----- DATASET EXTRACT
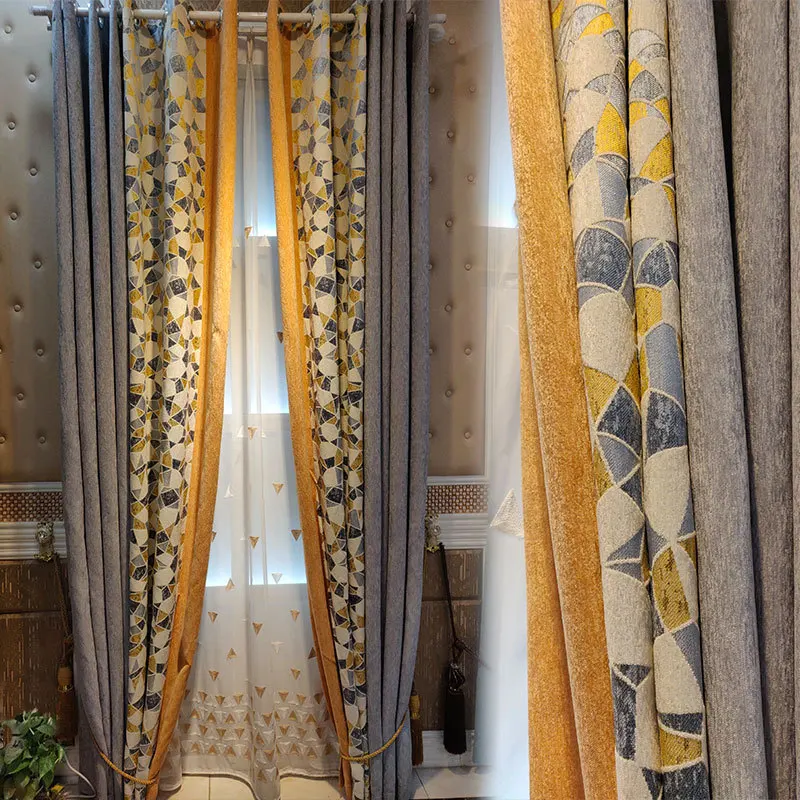 Пользовательские шторы скандинавские жаккардовые геометрические серые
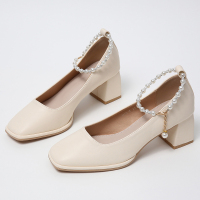 枫述单鞋女2022年春季新款粗跟高跟鞋仙女风方头珍珠浅口气质玛丽珍鞋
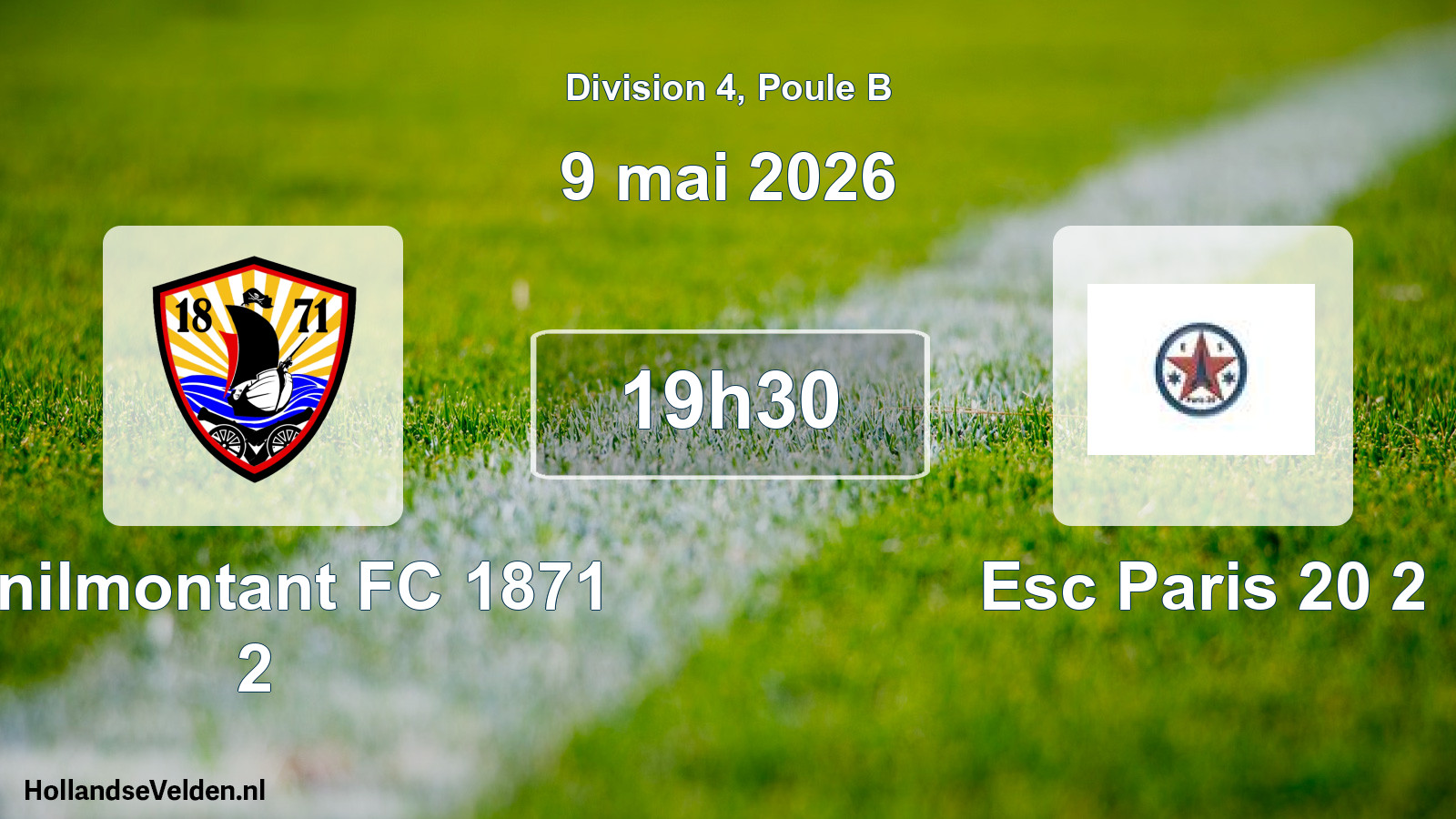 Scheduled Match: Ménilmontant FC 1871 2 - Esc Paris 20 2 (9 May 2026)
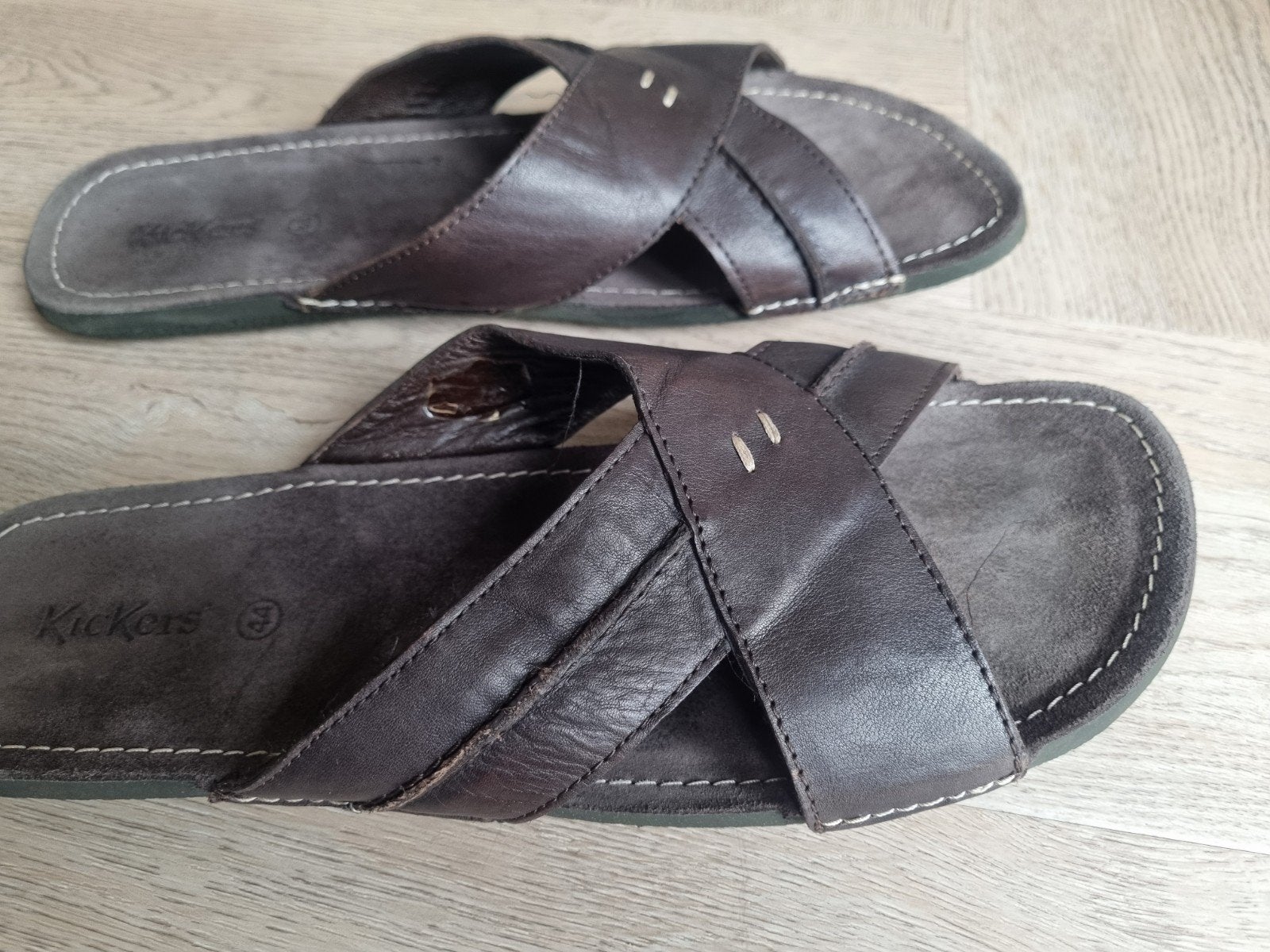 Kickers Spock Leren Slippers Maat 44, Slippers, Bruin, Ophalen of Verzenden, Kickers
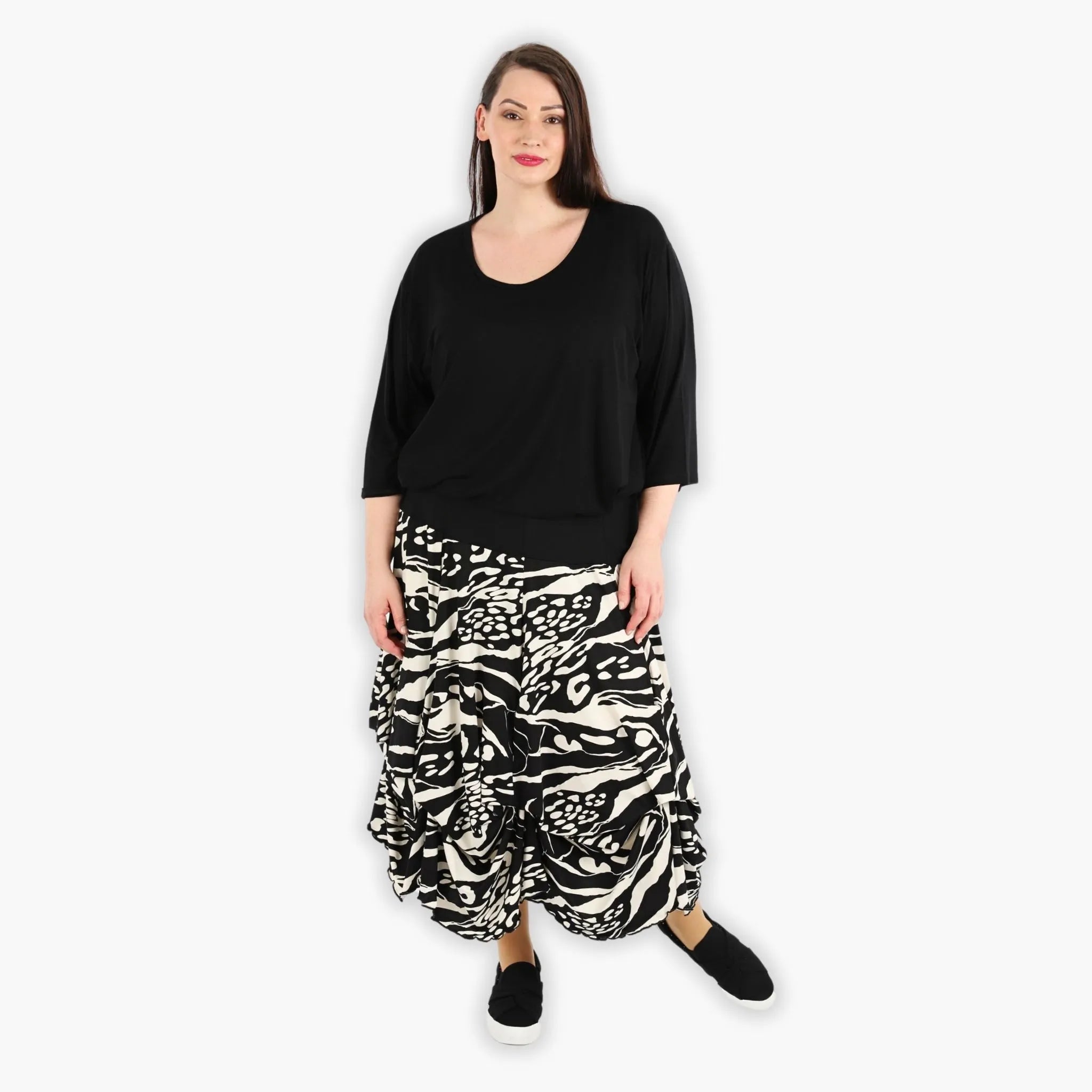  Ballonrock von AKH Fashion aus Viskose, 1290.07559, Schwarz-Ecru, Abstrakt, Schick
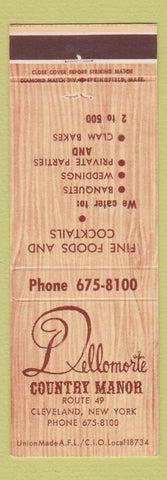 Matchbook Cover - Dellomorte Country Manor Clevleand NY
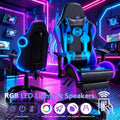 Gaming Chair with 7-Point Vibration Massage, Bluetooth Speakers, RGB Lighting, Footrest and 400lb Rating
----------
GOAL OF THE EXERCISE: The task calls for duplicating the data exactly, with no images kept.

ANSWER TO THE EXERCISE:
 Пользовательские шторы скандинавские жаккардовые геометрические серые
 枫述单鞋女2022年春季新款粗跟高跟鞋仙女风方头珍珠浅口气质玛丽珍鞋
 Scheduled Match: Ménilmontant FC 1871 2 - Esc Paris 20 2 (9 May 2026)
 Kickers Spock Leren Slippers Maat 44, Slippers, Bruin, Ophalen of Verzenden, Kickers
  Ballonrock von AKH Fashion aus Viskose, 1290.07559, Schwarz-Ecru, Abstrakt, Schick
 Matchbook Cover - Dellomorte Country Manor Clevleand NY
 Gaming Chair with 7-Point Vibration Massage, Bluetooth Speakers, RGB Lighting, Footrest and 400lb Rating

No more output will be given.